WHAT NEEDS TO BE DONE:
Everything in the data should be repeated exactly, save for the images.

DATA SECTION:
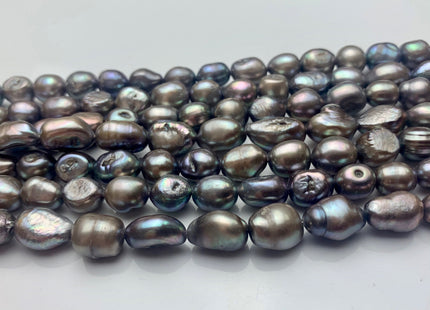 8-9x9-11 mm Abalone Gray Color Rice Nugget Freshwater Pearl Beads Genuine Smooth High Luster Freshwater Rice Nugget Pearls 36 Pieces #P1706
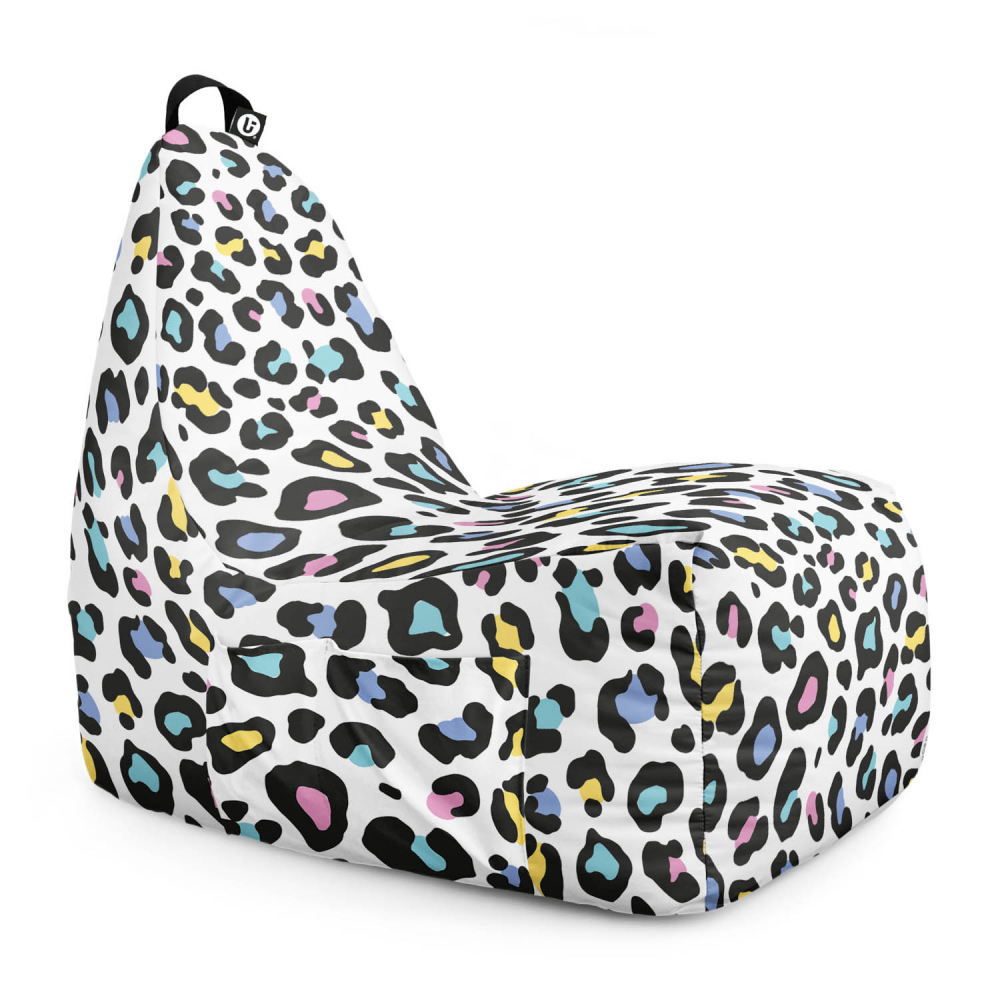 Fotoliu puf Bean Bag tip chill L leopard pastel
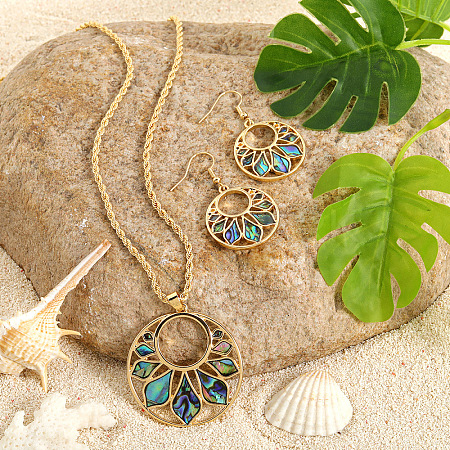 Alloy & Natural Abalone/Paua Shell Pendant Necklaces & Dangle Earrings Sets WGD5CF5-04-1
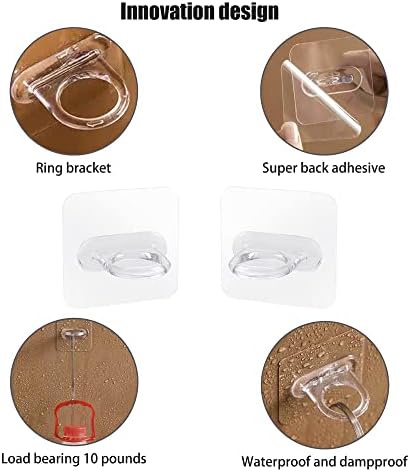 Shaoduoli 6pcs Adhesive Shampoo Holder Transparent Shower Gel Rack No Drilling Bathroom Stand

ANSWER TO THIS PROBLEM:
 8-9x9-11 mm Abalone Gray Color Rice Nugget Freshwater Pearl Beads Genuine Smooth High Luster Freshwater Rice Nugget Pearls 36 Pieces #P1706
 Fotoliu puf Bean Bag tip chill L leopard pastel
 Alloy & Natural Abalone/Paua Shell Pendant Necklaces & Dangle Earrings Sets WGD5CF5-04-1
 Shaoduoli 6pcs Adhesive Shampoo Holder Transparent Shower Gel Rack No Drilling Bathroom Stand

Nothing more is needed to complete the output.